In Nazareth, I pictured my grandmother as a young girl walking around. I pictured her in Haifa, raising four children. My grandfather. My great grandparents. How did they get there? In Akko you can see the remnants of the crusader walls. You can sense the layers of history. It’s a feeling you don’t get in Anaheim, California.

I loved to hear people speaking Arabic. The sounds that flowed off their tongues and the rumbling in their throats reminded me of my own grandmother.

And the food. Oh, the food. My heart will forever be connected to that place through my stomach. Fresh baked bread. Cheese bread. Arabic dishes. I am related to some of the best cooks in the world (in my humble opinion). If I had to pick one last meal to eat on earth, it would be Arabic.

Once you go on your first trip abroad, chances are high that you will become infected with the travel bug.

I entered my senior year of high school feeling that everything around me was somehow a little duller. I was now permanently affected with a raging case of wanderlust.

During my freshman year of college, I saw a trip advertised on campus to go to China. I studied the flier, re-reading the fine print. I immediately asked myself: what if?

I began a tried and true method of picking travel destinations: feelings and prices.

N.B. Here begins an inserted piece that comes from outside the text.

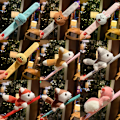 Miniatyrbild 4 av 8: 1st Kawaii Animal Cartoon Frukt Klap Ring Slap Snap Wrap Handled A19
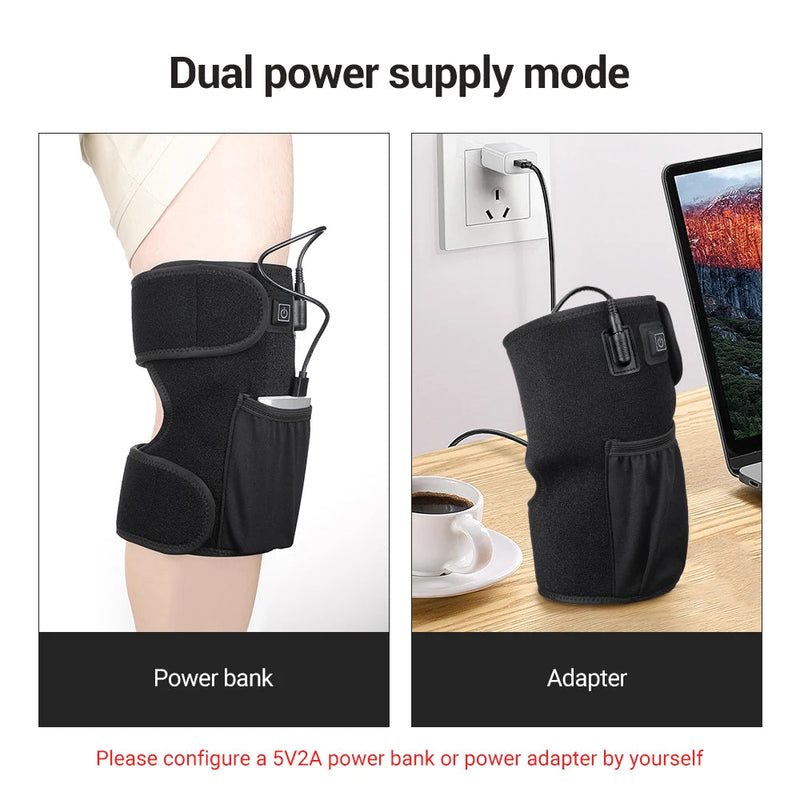 Red Light Therapy Knee Protect Pads Pain 660nm 850nm Heat Physiotherapy Foot Shoulder Elbow Joint Arthritis Pain Rehabilitation-Health Wisdom™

I just get a feeling about where I want to go. I feel it deep inside of me, a feeling of peace when I’ve decided on the location. If I feel conflicted, I wait it out until my feelings are crystal clear. It works. Of course, it has to align with the deals I find, and after years of traveling, I’m pretty good at spotting good prices.

There has never been a trip that I’ve ever regretted.

On that particular day on my way to lecture, pausing to read the flier on the pole, I knew immediately that I wanted to go to China. It looked like a good price. I could scrounge it together. I was going. It didn’t matter that I wouldn’t know anyone. It didn’t matter that I had never thought about traveling to China before. I wanted to go.

Our tour had students and professors from various schools. It was a lot of fun, even if going on a tour meant we’d have stop at a zillion factories. Pearl factory. Silk factory. Tea factory. A tour is a good starting place for a young woman ready to travel the world. I was able to get my feet wet.

I ate a lot of the same Chinese food. I had tofu for the first time (I liked it) and learned what green tea was (I didn’t like it).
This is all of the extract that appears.